In SQL interviews, candidates are often asked how they would analyze a new dataset before writing complex queries. Interviewers want to see whether you can move from raw tables to reliable insights in a structured way.
Explain how you would approach analyzing a dataset using SQL. Your answer should cover:
Keep the answer practical and SQL-oriented. The interviewer is not looking for advanced modeling or machine learning. Focus on a clear, step-by-step workflow for exploring, validating, and summarizing data in PostgreSQL, and mention the kinds of queries you would write at each stage.
The first step is understanding what data exists, what each column represents, and which fields may be useful for filtering or grouping. In practice, this means checking column names, data types, and likely keys before doing any analysis.
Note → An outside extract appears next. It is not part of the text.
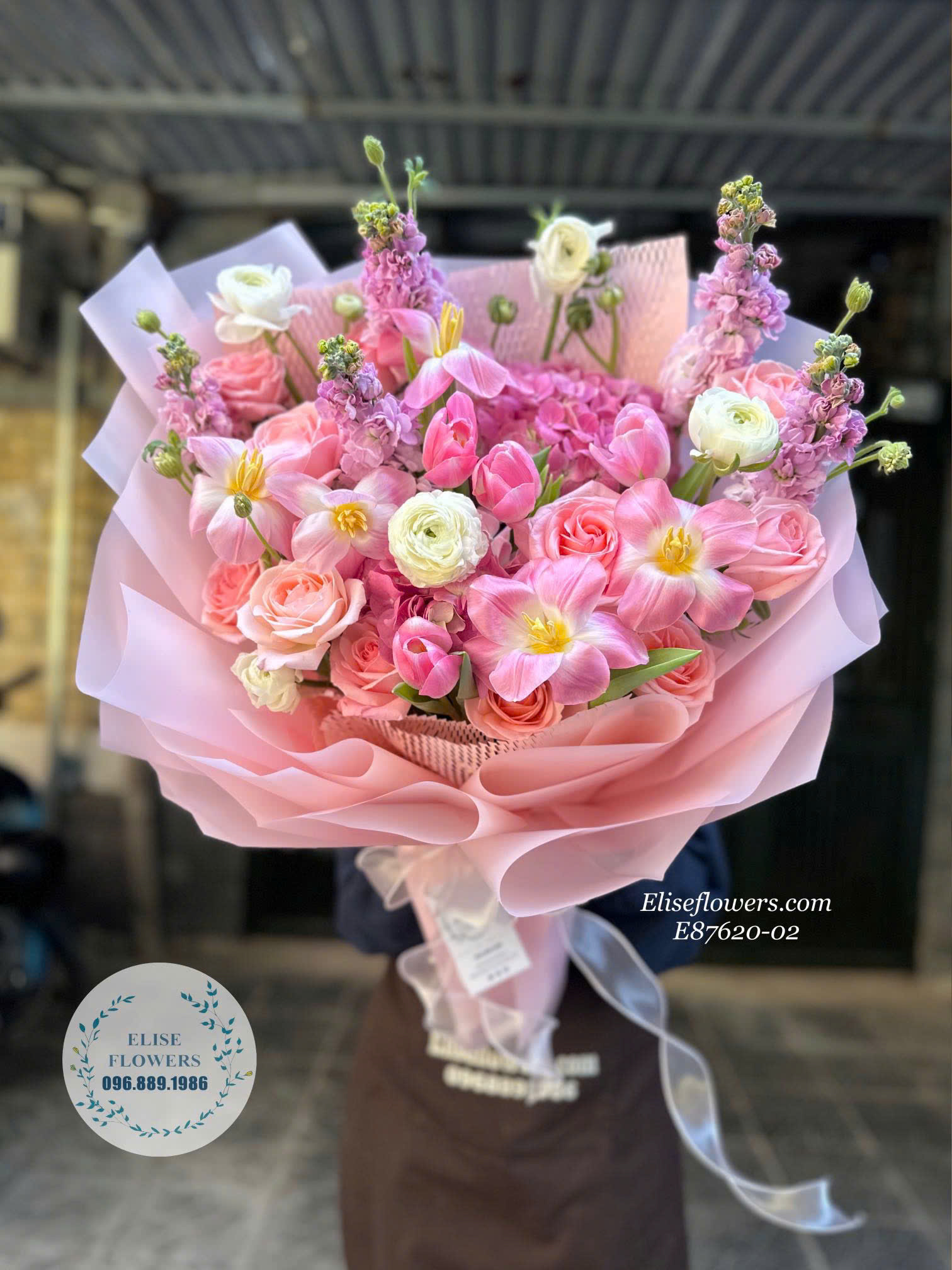 Cửa hàng hoa tươi nhập khẩu Hà Nội, Elise Flowers. Uy tín, đẳng cấp, chất lượng hàng đầu tại Hà Nội.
SELECT column_name, data_type
FROM information_schema.columns
WHERE table_name = 'orders'
ORDER BY ordinal_position;
Before trusting any metric, you should check for missing values, duplicates, and invalid ranges. Early validation prevents incorrect conclusions caused by bad records or misunderstood fields.
SELECT COUNT(*) AS total_rows,
COUNT(*) FILTER (WHERE customer_id IS NULL) AS null_customer_id,
COUNT(*) FILTER (WHERE amount IS NULL) AS null_amount
FROM orders;
Basic summaries help you understand scale, distribution, and major segments in the data. Common starting points are row counts, averages, totals, minimums, maximums, and grouped summaries by category or date.
SELECT status, COUNT(*) AS order_count, AVG(amount) AS avg_amount
FROM orders
GROUP BY status
ORDER BY order_count DESC;
Analysis is usually iterative: broad summaries reveal patterns, and then follow-up queries investigate anomalies or interesting segments. A good analyst narrows from overview metrics into specific subsets that explain what is happening.
SELECT order_date, COUNT(*) AS orders
FROM orders
GROUP BY order_date
ORDER BY order_date;
SQL analysis is not just about writing queries; it is about connecting results to the business question. Strong answers explain how the outputs would guide decisions, identify risks, or suggest the next metric to examine.